━━━━━ RECORDS PROVIDED ━━━━━

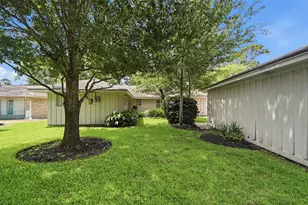 10822 Lasso Ln, Houston, TX 77079 - Photo 34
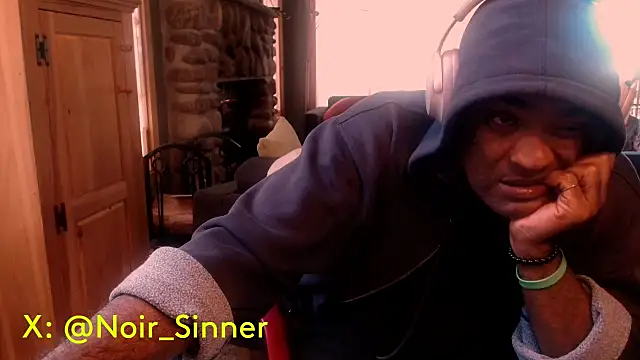 Snapshot of sinnernoir chatting on 10-15-25, 06:08 sinnernoir online show from 10-15-25, 06:08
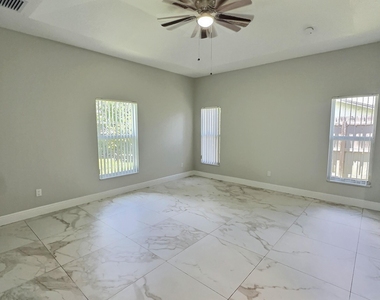 413 Martin Avenue - Photo Thumbnail 13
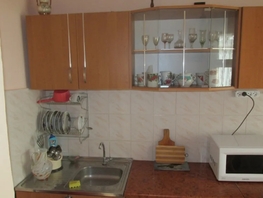 Снять двухкомнатную квартиру Бирюзова ул, 38  м&sup2;, 2800 рублей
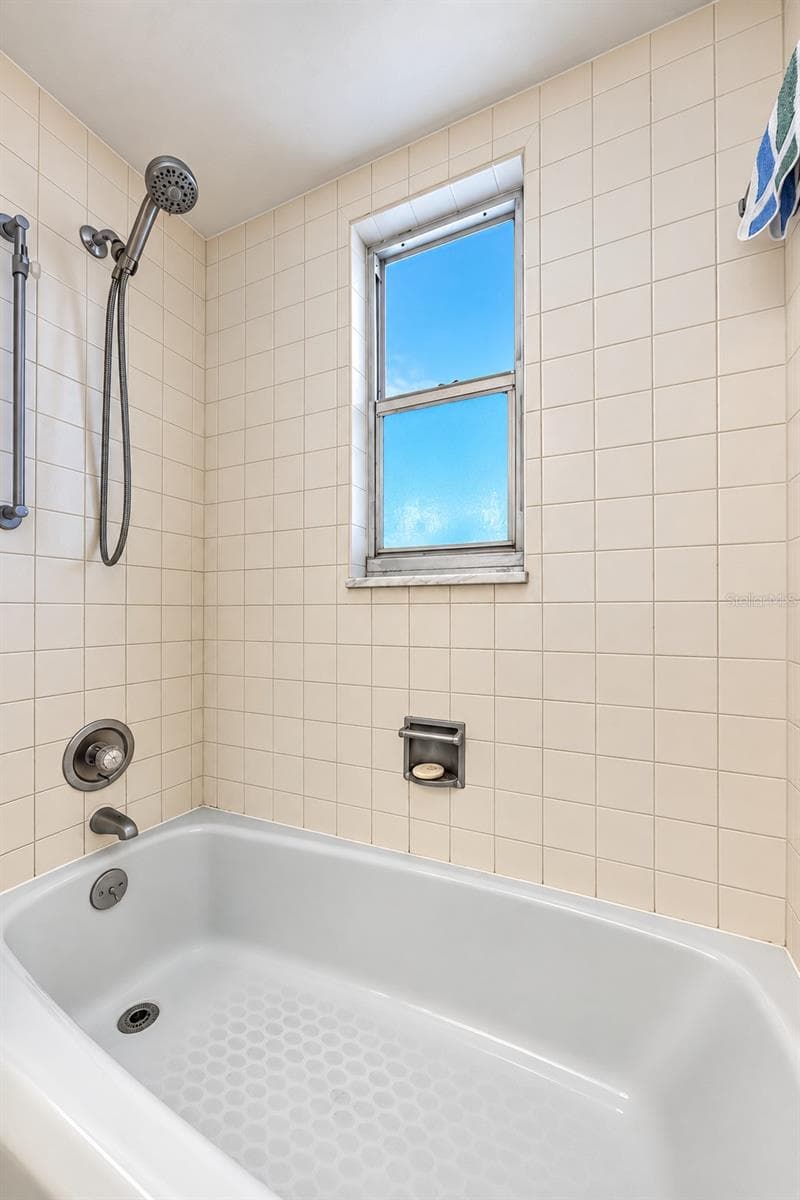 Condominium at 4575 COVE CIR #709, ST PETERSBURG, photo 24 of 54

━━━━━

Return an exact copy of the data above, apart from any pictures.

ANSWER TO THIS TASK.
 10822 Lasso Ln, Houston, TX 77079 - Photo 34
 Snapshot of sinnernoir chatting on 10-15-25, 06:08 sinnernoir online show from 10-15-25, 06:08
 413 Martin Avenue - Photo Thumbnail 13
 Снять двухкомнатную квартиру Бирюзова ул, 38  м&sup2;, 2800 рублей
 Condominium at 4575 COVE CIR #709, ST PETERSBURG, photo 24 of 54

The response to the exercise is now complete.